-------- Dataset excerpts --------

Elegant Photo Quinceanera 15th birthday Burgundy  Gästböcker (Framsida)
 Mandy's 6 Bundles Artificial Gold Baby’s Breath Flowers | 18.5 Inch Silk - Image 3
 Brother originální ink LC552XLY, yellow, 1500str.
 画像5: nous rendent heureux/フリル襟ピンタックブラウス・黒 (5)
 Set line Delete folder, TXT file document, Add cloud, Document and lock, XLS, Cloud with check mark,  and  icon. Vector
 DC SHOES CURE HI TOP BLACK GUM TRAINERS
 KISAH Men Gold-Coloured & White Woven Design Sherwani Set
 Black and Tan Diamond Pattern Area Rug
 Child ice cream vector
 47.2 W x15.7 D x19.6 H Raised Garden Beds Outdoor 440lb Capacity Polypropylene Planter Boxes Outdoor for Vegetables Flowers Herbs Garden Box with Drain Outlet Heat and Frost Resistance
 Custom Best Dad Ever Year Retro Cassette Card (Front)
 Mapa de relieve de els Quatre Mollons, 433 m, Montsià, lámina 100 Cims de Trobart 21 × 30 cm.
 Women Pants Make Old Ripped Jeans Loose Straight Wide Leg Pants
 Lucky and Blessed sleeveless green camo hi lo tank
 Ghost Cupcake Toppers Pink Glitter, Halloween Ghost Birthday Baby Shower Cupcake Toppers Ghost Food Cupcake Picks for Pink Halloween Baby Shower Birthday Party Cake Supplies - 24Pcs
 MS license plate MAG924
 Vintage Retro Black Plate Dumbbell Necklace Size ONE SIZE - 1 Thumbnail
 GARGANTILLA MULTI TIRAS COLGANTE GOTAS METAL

--------

◆ What you are asked to do ◆
Scan the material above for the word "Baby", and copy each line where it appears.

◆ Output ◆
 Mandy's 6 Bundles Artificial Gold Baby’s Breath Flowers | 18.5 Inch Silk - Image 3
 Ghost Cupcake Toppers Pink Glitter, Halloween Ghost Birthday Baby Shower Cupcake Toppers Ghost Food Cupcake Picks for Pink Halloween Baby Shower Birthday Party Cake Supplies - 24Pcs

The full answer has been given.